Similarly, Mr. Nguyen Viet Anh, Deputy General Director of Tien Phong Bank (TPBank), said that the bank is also deploying large-scale credit packages to support production recovery, promote green transformation, and sustainable development. According to Mr. Nguyen Viet Anh, the bank is participating in packages such as VND 120,000 billion for social housing, worker housing, and old apartment renovation; a package of VND 500,000 billion for enterprises investing in infrastructure, digital transformation, and green transformation.

In addition, TPBank also designs separate loan packages for each customer group, such as households and private enterprises, with interest rates from 5.7%/year; maintain fixed-rate credit products from 5.5-8.8%/year for home buying and consumption purposes. “We continue to implement debt restructuring policies, waive and reduce interest rates and fees in accordance with the SBV’s guidance to ensure the benefits and recovery capacity of customers,” said Mr. Viet Anh.

To continue to have the conditions to reduce lending rates, Agribank proposed a need for more synchronous coordination of policies, especially between monetary and fiscal policies, typically speeding up public investment disbursement to stimulate demand and support system liquidity.

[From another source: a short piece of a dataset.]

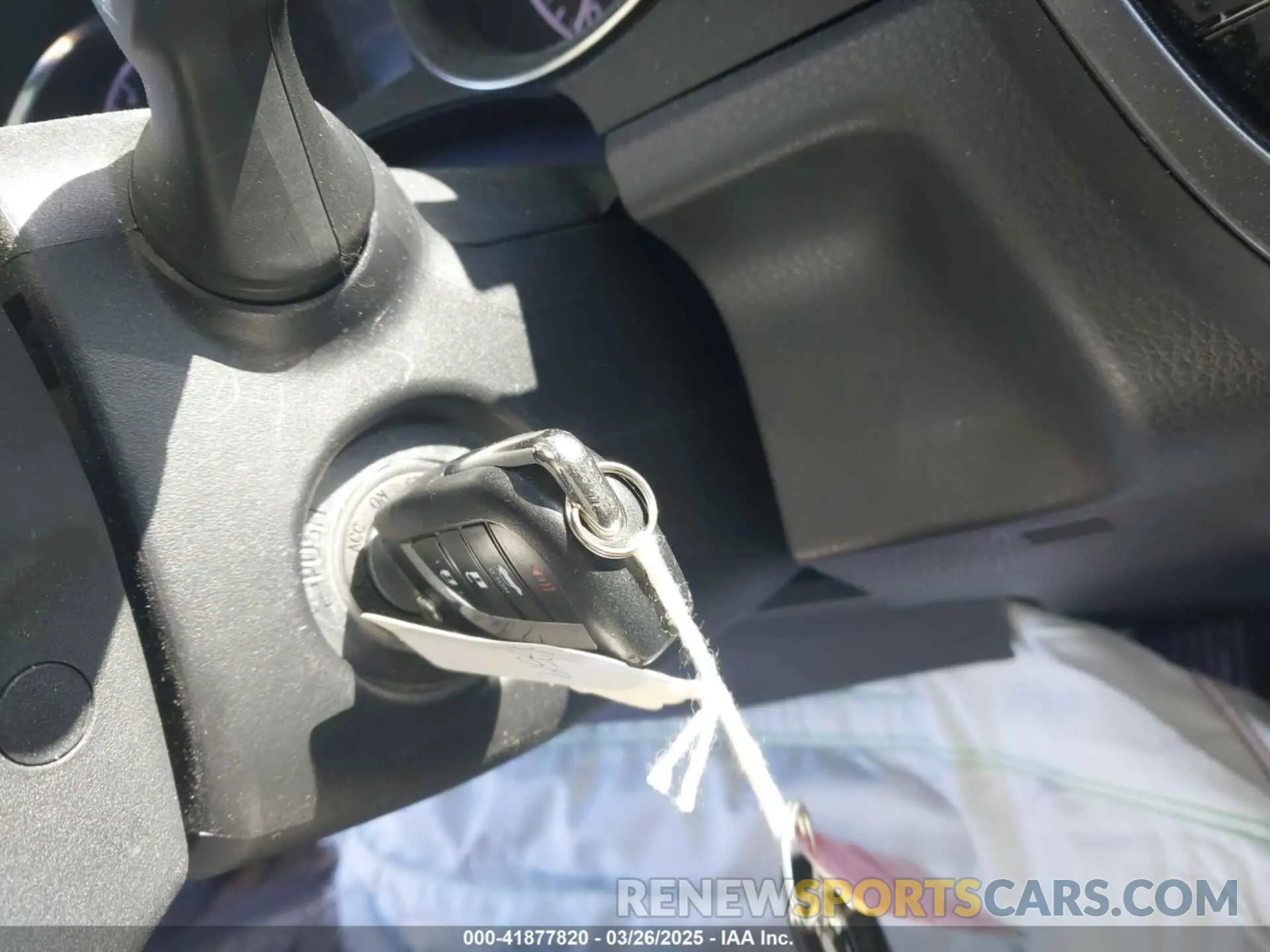 11 Photograph of a damaged car 4T1B11HK8KU792519 TOYOTA CAMRY 2019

However, the SBV Governor acknowledged that challenges from both domestic and international factors remain significant. The USD/VND exchange rate has increased by 2.9% compared to the end of 2024, affected by economic fluctuations and market psychology. If the exchange rate pressure continues to escalate, the SBV will consider not reducing interest rates further to ensure exchange rate stability and avoid macro risks.

Developing the capital market to reduce the burden on banks

According to economic expert Tran Du Lich, the biggest weakness of Vietnam’s capital market today is that it has not been able to develop medium and long-term direct capital mobilization channels for enterprises. Most long-term loans still depend on the commercial banking system, which mainly provides short-term capital.

Mr. Lich believes that Vietnam needs to soon develop the stock market into an effective medium and long-term capital mobilization channel for enterprises, towards a sustainable financial development.

This view is also emphasized by the Prime Minister in Official Dispatch 128, which requests ministries and sectors to promote solutions to develop the capital, stock, and corporate bond markets in a stable, healthy, and safe direction, thereby reducing dependence on the banking credit system and meeting the long-term capital needs of the economy.